California estate planning often includes creating a living trust. You might choose a living trust so your family can avoid probate court when you die. The probate court leaves the distribution of your assets in the hands of the state. But a living trust puts you in control.
How does a living trust work?
A living trust is a document legally recognized by the state of California. It provides instructions on asset distribution to your beneficiaries upon your death. A trustee of your choosing manages the assets for you and your beneficiaries.

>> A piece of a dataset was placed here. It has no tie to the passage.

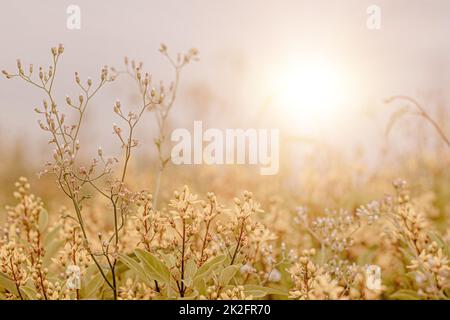 wild Grass flower ,close up soft focus a little wild flowers grass in sunrise and sunset background warm vintage tone. Stock Photo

You choose between an irrevocable and a revocable living trust. The difference is that an irrevocable living trust is permanent and doesn’t allow changes. On the other hand, you can modify a revocable trust based on changes to your estate planning needs. There are several steps to creating any type of living trust.

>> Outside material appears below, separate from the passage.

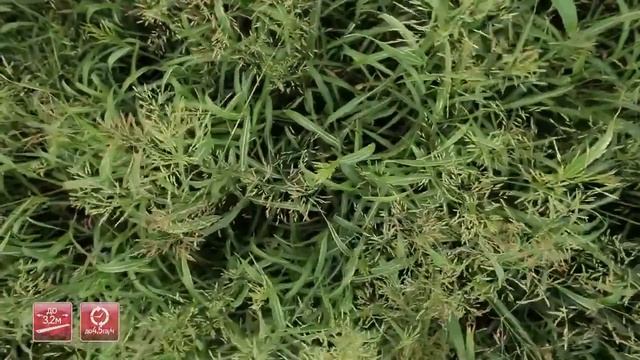 Косилка роторная прицепная с плющилкой Berkut смотреть онлайн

You decide which assets to include in your trust. You might have commercial real estate, bank accounts, artwork or other valuables to include.
Choose a trustee
A trustee is a person or organization that manages and distributes your assets based on the instructions in the trust. Carefully weigh the choices before choosing a trustee.
Create the trust
A trust is a legally binding document that names your beneficiaries and includes instructions for asset distribution. To avoid mistakes that might invalidate the trust, you might speak with an estate planning professional beforehand.

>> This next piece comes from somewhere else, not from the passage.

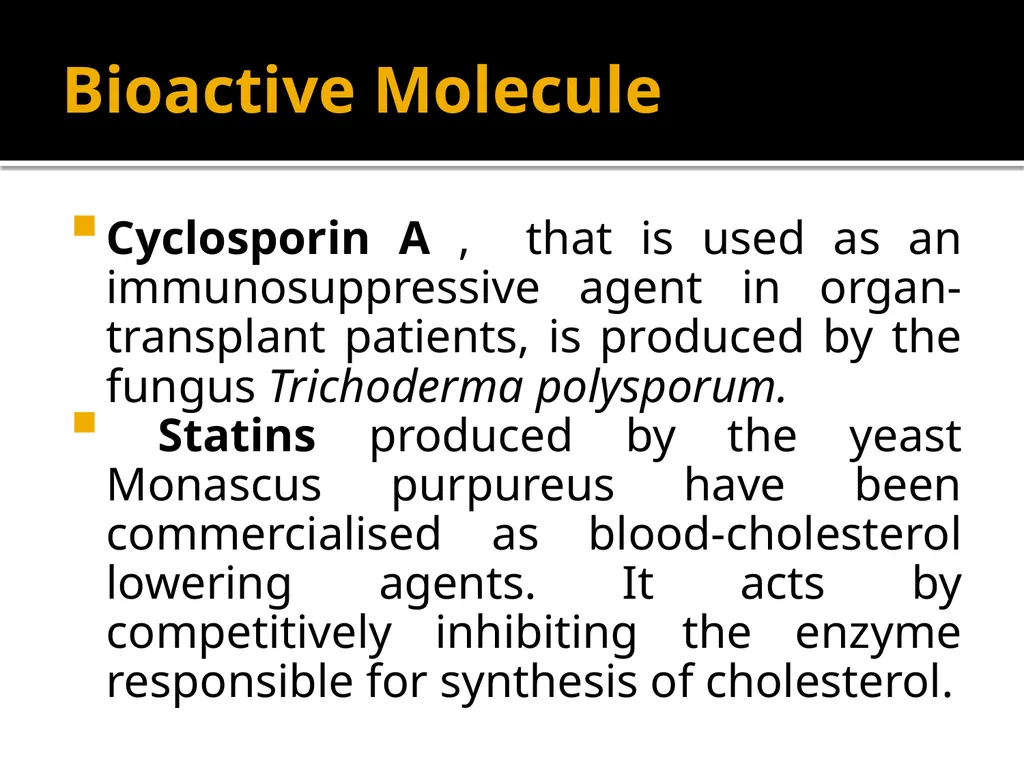 Chapter 10 Microbes in Human Welfare USEFUL - slide 35 of 66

You have to fund the trust, which means transferring assets into the trust. For example, a piece of real estate will need a new deed that transfers the property title into the trust’s name.
Finalize the trust
The living trust becomes valid once you sign in front of a notary public. The trust isn’t valid unless it’s notarized.
The steps above might differ, depending on the complexity of your circumstances. You might consider getting professional advice to help make sure you create a valid California trust.